Pompeo believes he gave new direction and purpose to the CIA by recruiting and promoting risk-takers and pipehitters – it really is his favourite word. But he says he made little progress at the State Department, which he describes as “a union-led, passive-aggressive, establishment leak-machine that had resolved from day one of our administration to obstruct the goals of our America First agenda.” By his own admission, “at the end of my tenure, I didn’t leave much change behind.”

Still, things got done. Whether they were good things or bad things depends on your perspective. The administration cancelled the agreement in which Iran paused its nuclear research in exchange for sanctions relief. He led a campaign within the administration and around the world to ostracize the “evil” Chinese Communist Party.

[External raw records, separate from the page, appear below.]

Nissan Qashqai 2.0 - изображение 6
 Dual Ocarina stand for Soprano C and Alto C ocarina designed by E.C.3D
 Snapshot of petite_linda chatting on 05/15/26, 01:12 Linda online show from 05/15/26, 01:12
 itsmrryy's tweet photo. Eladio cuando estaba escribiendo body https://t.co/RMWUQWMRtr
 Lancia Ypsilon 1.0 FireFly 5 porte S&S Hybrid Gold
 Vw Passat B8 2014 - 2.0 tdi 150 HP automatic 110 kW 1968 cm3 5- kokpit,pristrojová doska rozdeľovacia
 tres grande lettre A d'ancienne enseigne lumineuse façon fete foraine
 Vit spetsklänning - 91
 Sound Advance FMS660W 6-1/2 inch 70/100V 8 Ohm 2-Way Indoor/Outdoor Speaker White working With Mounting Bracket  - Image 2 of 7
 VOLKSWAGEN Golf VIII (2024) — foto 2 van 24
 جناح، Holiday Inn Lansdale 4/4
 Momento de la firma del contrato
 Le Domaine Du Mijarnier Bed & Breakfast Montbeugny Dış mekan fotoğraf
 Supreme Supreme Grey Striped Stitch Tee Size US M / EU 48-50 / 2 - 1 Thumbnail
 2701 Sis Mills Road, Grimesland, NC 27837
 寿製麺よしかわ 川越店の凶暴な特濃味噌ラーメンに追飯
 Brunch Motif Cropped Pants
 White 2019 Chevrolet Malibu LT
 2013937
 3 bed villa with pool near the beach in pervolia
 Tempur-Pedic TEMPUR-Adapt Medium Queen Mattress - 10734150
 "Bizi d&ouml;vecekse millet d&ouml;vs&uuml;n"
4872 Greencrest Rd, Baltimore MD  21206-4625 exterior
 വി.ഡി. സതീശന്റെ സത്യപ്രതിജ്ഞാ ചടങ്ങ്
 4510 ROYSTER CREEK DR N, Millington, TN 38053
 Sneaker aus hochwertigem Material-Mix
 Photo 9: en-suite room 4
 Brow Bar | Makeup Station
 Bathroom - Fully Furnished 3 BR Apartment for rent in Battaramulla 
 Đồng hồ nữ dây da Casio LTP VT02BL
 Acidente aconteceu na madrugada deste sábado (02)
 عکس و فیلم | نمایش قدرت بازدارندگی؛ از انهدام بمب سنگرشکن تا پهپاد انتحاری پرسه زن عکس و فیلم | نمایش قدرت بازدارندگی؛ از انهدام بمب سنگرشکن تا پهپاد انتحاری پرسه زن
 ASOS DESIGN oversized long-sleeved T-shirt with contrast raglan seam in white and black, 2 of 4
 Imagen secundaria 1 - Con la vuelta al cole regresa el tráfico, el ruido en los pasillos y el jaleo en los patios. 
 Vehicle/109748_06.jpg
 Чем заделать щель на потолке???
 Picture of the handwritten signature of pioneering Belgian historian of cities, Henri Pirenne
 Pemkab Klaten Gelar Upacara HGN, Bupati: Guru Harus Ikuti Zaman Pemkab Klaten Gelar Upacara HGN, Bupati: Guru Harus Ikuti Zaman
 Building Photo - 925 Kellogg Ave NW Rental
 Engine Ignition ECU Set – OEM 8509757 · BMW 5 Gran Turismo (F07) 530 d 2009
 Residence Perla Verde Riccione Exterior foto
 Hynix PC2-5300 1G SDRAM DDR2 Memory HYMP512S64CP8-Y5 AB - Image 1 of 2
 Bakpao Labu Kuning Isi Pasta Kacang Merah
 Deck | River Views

He strengthened ties with some unsavoury figures, including Viktor Orban in Hungary and Jair Bolsonaro in Brazil, and waved away the involvement of Saudi Arabia’s Mohammed bin Salman in the killing of journalist Jamal Khashoggi, arguing that these leaders were useful as allies.

He helped negotiate the Abraham Accords involving Israel, the United Arab Emirates and Bahrain. He tried but failed to persuade North Korean dictator Kim Jong-un to abandon his nuclear weapons program. And he obeyed his president’s directive to seek improved relations with Russian President Vladimir Putin.

Like Trump, Pompeo sees the world in black and white, with black being anyone inside or outside the administration who did not show complete fealty to the 45th president and America First.

So the Obama administration “was distinguished for espousing moral equivalence among nations of deeply unequal decency and apologizing for our country.” The “leftist media” – also “media hounds,” “media elite,” “media-industrial complex” and “hyenas” – are incompetent, lazy and dishonest. Black Lives Matter “is a Marxist organization credibly accused of corruption,” the Paris climate accord was “a bad deal for America.”

He withdrew the United States from that agreement and a missile treaty with Russia, and announced the withdrawal from the World Health Organization. He was proud that “the United Nations came to despise me because I had little time for the organization’s uselessness and deep-seated anti-Semitism.”

He maintains that Trump had every right to ask Ukrainian President Volodymyr Zelensky to investigate Joe Biden and his son Hunter during the phone call that led to the president’s first impeachment. Ukraine is riddled with corruption, Pompeo wrote, and “we knew that the Bidens – both President Biden and Hunter – were knee deep in the mess.”

He is equally unsparing on those within Trump World who he believed let their president down, including former UN ambassador Nikki Haley and former national-security adviser John Bolton, who Pompeo thinks “should be in jail for spilling classified information,” in the tell-all book he wrote after leaving the White House.

Most egregiously, the former secretary of state glosses over Trump’s refusal to accept the outcome of the 2020 presidential election – ”the president had every right to ensure that the elections had been conducted in a fair and lawful manner” – and the Jan. 6 assault on the Capitol.

And he concludes: “I’d do it all again with no second thoughts. And I may.” He is contemplating a run for the Republican presidential nomination.

Mike Pompeo believes that Donald Trump “was willing to make bold moves to reverse bad foreign policy trends,” and that his presidency “put America in a radically better place.”

Such devotion made it possible for him to serve the president faithfully for four long years – he would say for better; others would say for worse.